Starting at the line holding "Masters champion Bubba" and finishing at the line holding "Michael standing on", transcribe the material exactly, keeping both ends but no pictures.

▶ _STUDY MATERIAL_
---------------

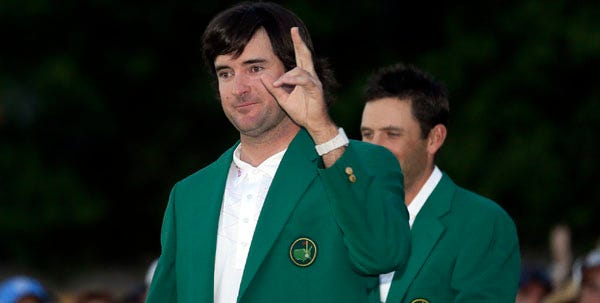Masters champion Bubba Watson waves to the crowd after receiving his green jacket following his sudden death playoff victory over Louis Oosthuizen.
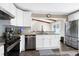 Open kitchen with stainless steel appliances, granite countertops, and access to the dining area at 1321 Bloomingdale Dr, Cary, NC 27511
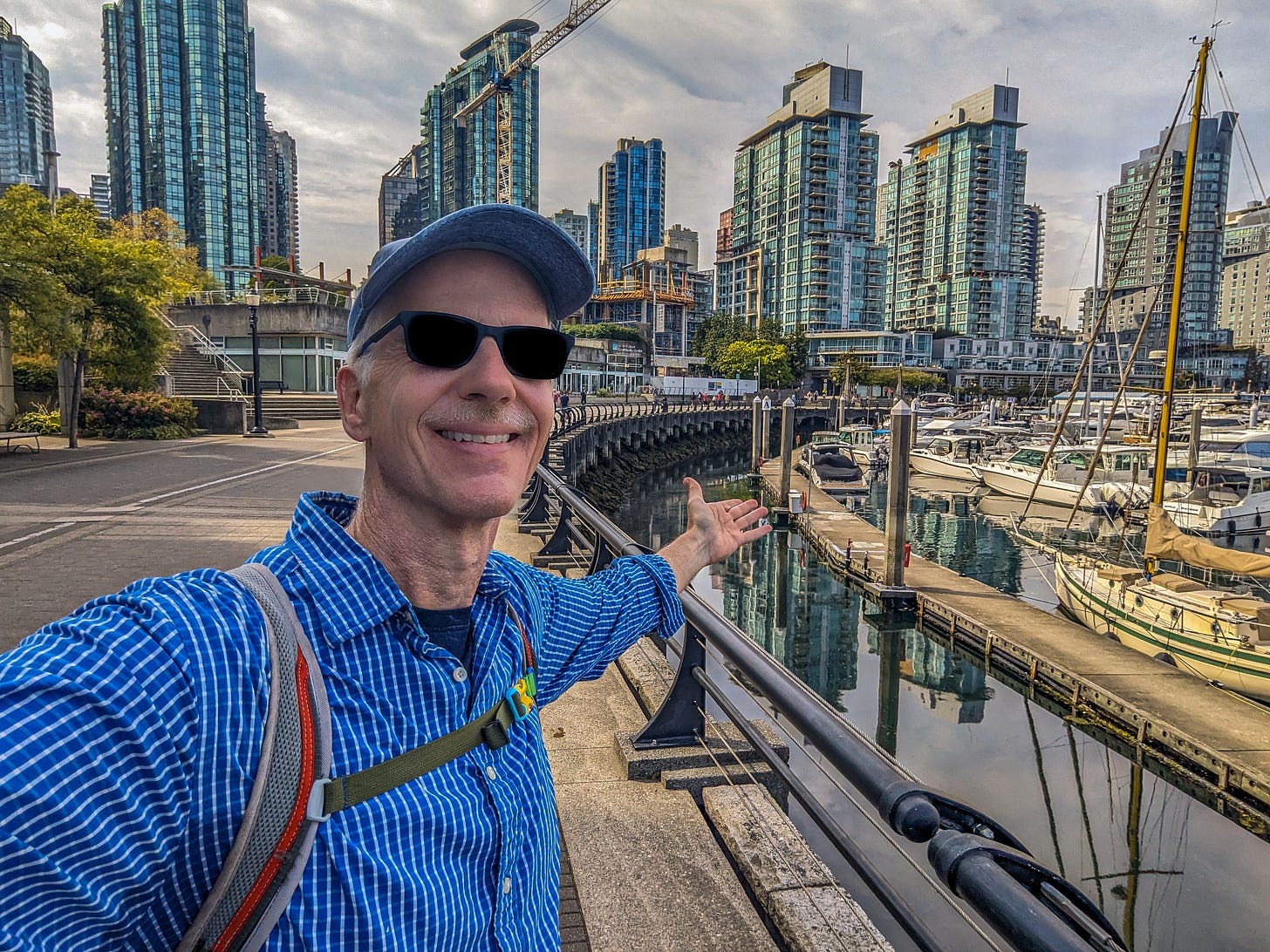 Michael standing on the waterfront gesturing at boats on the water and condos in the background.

---------------

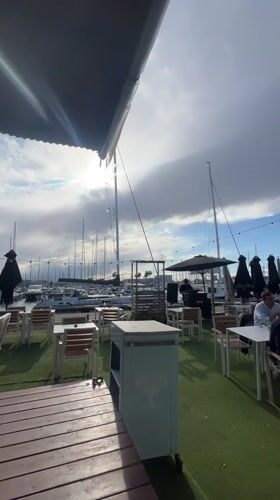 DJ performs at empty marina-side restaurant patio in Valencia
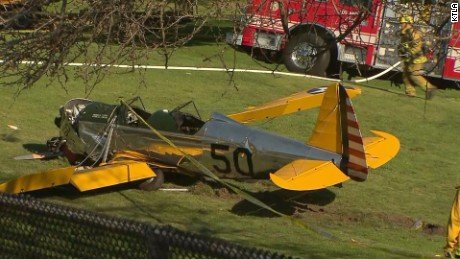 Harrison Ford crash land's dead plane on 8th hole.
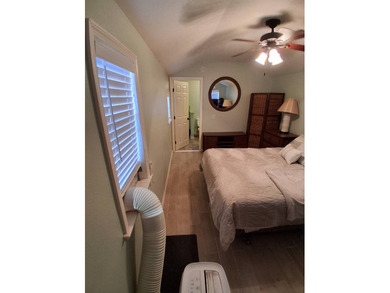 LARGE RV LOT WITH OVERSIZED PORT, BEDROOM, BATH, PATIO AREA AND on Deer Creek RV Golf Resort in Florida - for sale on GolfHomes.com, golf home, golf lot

---------------

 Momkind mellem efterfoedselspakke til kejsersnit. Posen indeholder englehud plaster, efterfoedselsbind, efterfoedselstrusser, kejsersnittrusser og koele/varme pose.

---------------

▶ _TASK RESPONSE_
Masters champion Bubba Watson waves to the crowd after receiving his green jacket following his sudden death playoff victory over Louis Oosthuizen.
 Open kitchen with stainless steel appliances, granite countertops, and access to the dining area at 1321 Bloomingdale Dr, Cary, NC 27511
 Michael standing on the waterfront gesturing at boats on the water and condos in the background.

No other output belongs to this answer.